It seems he had 12 wives, one of whom was Makurrngu of the Galpu Clan.
In the article (see Rothwell, Nicholas, 2013) about Tom Djambayang Bakamana Yunupingu-2, it is stated that Tom was "one of more than 50 children born to Mungurrawuy Yunupingu, the most dominating leader of the Yolngu clans of northeast Arnhem Land". Only those children who became artistic seem to get a mention and there seems to be very little publicly available biographical information on the father mother of those children. Certainly, more than 3 of the females are referred to as sisters of Tom's older brother Galarrwuy. Their father was in his own right an outstanding and prolific bark painter and sculpture artist (carving figures)[2]. This reference has his birth date as 'around 1907' but without any source. It also shows images of some of his paintings and sculptures.
Mungurrawuy is described as being an Aboriginal of the Yirrkala Mission in the Select Committee Report on Grievances of Yirrkala Aborigines Arnhem Land Reserve of 1963.
As a Gumatj Clan leader, Mungurrawuy fought and lost the battle to stop a bauxite mine operating on his land. His son Galarrwuy Yunupingu was his father's interpreter throughout the historic Gove land rights case in 1971[3].
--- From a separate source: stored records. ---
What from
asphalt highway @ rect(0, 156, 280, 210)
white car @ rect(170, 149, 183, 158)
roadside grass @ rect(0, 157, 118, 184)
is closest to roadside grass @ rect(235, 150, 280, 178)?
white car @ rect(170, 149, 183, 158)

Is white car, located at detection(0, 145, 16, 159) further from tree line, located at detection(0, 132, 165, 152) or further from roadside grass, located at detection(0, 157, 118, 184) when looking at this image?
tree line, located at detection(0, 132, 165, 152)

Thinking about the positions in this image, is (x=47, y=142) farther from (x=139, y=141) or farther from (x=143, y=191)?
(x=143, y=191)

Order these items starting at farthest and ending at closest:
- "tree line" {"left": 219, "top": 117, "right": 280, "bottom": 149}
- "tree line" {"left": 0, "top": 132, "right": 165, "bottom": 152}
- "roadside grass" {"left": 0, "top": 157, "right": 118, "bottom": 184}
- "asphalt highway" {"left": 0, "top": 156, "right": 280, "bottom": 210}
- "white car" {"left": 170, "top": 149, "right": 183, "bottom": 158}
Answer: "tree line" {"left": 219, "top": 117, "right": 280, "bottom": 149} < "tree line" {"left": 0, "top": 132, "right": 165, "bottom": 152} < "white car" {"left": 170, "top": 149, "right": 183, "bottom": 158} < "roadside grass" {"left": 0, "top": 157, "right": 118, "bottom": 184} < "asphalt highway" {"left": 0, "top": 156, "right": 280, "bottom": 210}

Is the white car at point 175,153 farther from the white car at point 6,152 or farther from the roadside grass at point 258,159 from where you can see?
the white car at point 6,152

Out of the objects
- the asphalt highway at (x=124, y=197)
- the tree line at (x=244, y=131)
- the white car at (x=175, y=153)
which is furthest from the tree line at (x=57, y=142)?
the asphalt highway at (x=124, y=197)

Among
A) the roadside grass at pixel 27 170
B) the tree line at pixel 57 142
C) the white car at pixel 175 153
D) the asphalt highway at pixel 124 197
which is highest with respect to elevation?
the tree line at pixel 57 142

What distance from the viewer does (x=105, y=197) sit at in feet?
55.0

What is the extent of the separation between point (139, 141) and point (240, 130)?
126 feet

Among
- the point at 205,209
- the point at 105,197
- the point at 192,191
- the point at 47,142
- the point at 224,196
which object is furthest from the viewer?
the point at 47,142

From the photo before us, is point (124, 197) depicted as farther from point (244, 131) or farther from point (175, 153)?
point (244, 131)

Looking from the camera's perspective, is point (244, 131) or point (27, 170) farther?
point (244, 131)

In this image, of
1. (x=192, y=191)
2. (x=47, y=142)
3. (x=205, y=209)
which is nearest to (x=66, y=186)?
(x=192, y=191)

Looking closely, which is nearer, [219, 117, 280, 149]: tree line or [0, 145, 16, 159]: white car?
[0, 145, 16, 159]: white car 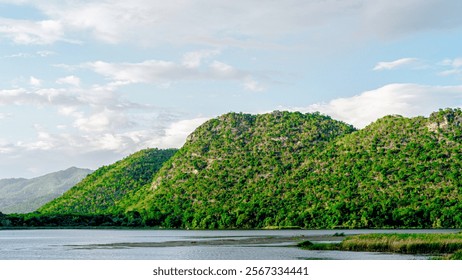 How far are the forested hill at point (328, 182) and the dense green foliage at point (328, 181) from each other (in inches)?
9.5

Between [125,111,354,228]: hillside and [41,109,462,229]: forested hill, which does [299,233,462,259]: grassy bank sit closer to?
[41,109,462,229]: forested hill

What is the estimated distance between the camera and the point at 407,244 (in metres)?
74.6

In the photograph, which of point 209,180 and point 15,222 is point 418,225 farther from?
point 15,222

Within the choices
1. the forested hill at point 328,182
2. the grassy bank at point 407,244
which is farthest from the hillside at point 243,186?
the grassy bank at point 407,244

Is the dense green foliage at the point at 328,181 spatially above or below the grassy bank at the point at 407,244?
above

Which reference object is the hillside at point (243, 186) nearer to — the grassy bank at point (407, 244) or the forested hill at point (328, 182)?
the forested hill at point (328, 182)

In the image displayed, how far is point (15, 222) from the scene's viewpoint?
184000 millimetres

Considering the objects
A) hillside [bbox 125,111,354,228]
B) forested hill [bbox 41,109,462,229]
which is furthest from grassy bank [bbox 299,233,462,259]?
hillside [bbox 125,111,354,228]

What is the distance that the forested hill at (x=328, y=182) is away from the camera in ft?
486

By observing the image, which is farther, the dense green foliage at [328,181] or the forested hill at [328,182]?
the dense green foliage at [328,181]

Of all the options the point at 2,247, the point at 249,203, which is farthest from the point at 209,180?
the point at 2,247

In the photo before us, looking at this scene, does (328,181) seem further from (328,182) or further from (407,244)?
(407,244)

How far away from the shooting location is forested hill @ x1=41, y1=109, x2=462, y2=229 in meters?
148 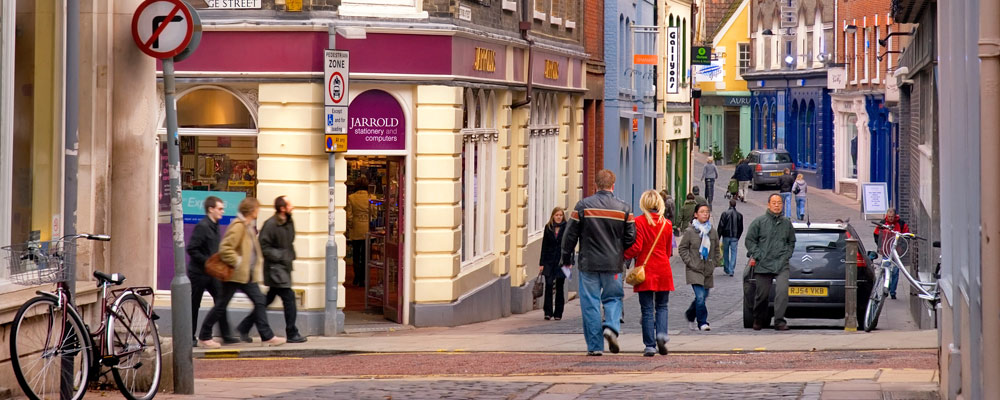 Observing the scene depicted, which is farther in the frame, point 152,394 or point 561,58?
point 561,58

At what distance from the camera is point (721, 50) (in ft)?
259

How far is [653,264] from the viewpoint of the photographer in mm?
14281

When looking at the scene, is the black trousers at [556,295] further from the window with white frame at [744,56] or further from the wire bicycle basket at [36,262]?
the window with white frame at [744,56]

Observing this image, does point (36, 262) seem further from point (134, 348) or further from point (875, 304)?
point (875, 304)

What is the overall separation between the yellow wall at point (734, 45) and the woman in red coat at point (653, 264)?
64.9 metres

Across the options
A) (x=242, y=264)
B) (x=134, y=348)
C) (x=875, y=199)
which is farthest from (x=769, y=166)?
(x=134, y=348)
The Nabalco Corporation had secured a twelve-year bauxite mining lease from the Federal Government. However, on 15 March 1963 the Government sold part of the Arnhem Land reserve to the bauxite mining company without consulting with the Yolngu people, who petitioned the Australian House of Representatives in August 1963 with a bark petition[4]. Galarrwuy helped his father Mugurrawuy draft the Yirrkala bark petitions.
The Milirrpum v Nabalco Pty Ltd case led to the establishment of the Woodward Royal Commission and the eventual recognition of Aboriginal Land rights in the Northern Territory.
In 1975, Prime Minister Gough Whitlam-8 drew up the Aboriginal Land Rights Act 1976, which was later passed (in a slightly diluted form) by the conservative Fraser-1802 Government on 9 December 1976 (see ref.4).
In 1978, the Yirrkala people received title to their land under the Aboriginal Land Rights (Northern Territory) Act 1976. However, the mining leases to which they had objected, were specifically excluded from the provisions of this Act[5].
Mungurrawu Yunupingu died in 1979 (see ref.3).